> [EXERCISE INPUT]:
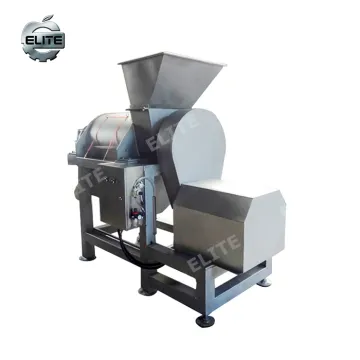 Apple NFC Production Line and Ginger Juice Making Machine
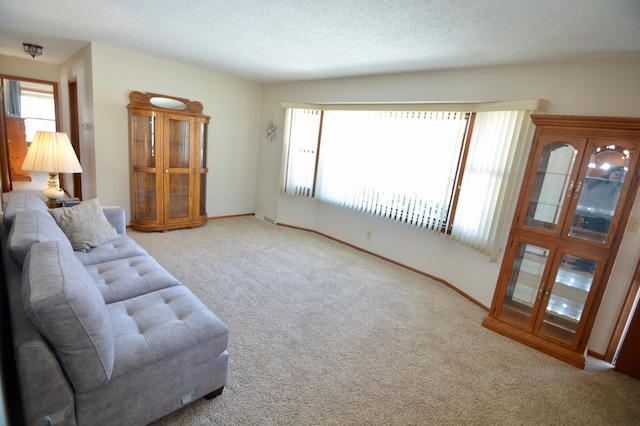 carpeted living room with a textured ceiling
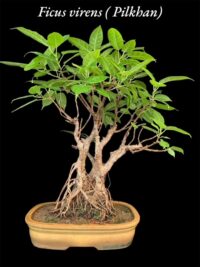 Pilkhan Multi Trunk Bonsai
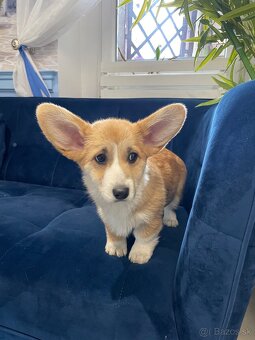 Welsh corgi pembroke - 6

* * *

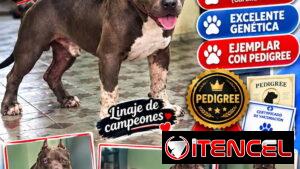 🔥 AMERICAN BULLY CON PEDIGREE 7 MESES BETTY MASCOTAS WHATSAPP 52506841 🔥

> [YOUR INSTRUCTIONS]:
Set down word for word the lines above from the one with "Apple NFC Production" up to and including the one with "Welsh corgi pembroke - 6". Omit every picture.

> [TASK RESULT]:
 Apple NFC Production Line and Ginger Juice Making Machine
 carpeted living room with a textured ceiling
 Pilkhan Multi Trunk Bonsai
 Welsh corgi pembroke - 6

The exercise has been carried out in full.